The Road is Long
A sister helps her brother complete his ultimate challenge -- the Boston Marathon.
Posted Friday, 1 April, 2005
It started out like any other year. The holidays were over so that meant only one thing; time to start training. I had been faithful to my running over the holidays logging about thirty miles a week so it was just a matter of adding in a long run. Considering myself a casual marathoner at best, anything around a four-hour finish was perfectly acceptable to me. I never loved the distance, I was more of a 5K runner but the training helped this stay-at-home mom get through the winter months without losing her mind…. well almost. The Boston Marathon however was not one to be taken lightly. If the first 16 miles of steady downhill didn’t break you down the Newton hills certainly would if you were not properly prepared.
It wasn’t until late February when I realized this year was going to be different.
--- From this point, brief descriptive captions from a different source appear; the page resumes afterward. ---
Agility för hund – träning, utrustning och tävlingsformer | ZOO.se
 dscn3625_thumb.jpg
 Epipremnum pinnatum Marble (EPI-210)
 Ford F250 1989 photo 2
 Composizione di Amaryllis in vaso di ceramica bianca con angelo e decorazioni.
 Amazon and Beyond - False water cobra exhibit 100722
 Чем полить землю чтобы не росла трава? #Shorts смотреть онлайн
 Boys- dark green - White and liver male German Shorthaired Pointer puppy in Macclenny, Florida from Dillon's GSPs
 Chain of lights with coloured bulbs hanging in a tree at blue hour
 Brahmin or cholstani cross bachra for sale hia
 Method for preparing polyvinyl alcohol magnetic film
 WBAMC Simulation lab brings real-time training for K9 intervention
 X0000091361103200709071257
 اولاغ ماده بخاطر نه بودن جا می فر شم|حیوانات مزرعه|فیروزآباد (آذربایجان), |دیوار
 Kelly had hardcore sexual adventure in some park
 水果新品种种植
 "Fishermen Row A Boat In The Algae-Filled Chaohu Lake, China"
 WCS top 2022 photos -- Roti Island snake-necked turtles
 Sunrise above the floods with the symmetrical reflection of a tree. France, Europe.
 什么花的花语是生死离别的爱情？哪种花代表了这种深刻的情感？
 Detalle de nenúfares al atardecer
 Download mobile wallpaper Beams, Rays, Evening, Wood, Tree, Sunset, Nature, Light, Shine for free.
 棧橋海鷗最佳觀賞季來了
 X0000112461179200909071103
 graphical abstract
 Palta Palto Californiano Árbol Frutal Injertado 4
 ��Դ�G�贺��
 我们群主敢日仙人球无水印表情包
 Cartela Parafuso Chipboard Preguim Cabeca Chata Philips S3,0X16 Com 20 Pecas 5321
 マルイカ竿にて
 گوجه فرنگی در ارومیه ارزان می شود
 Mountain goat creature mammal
I found out through the grapevine of my large family that my brother was planning to run this year. To say I was shocked would be an understatement. It wasn’t Ralph’s lack of athleticism, heck he went to college on a basketball scholarship, but up until then Ralph only enjoyed sports that involved a ball. He actually attempted the distance a few years back and at about 18 miles he decided it was quicker to take the bus to Boston so he hopped on one. When asked if he would ever try it again he always had the same response “No F’n way!! His sudden change of heart took me by surprise…. at first.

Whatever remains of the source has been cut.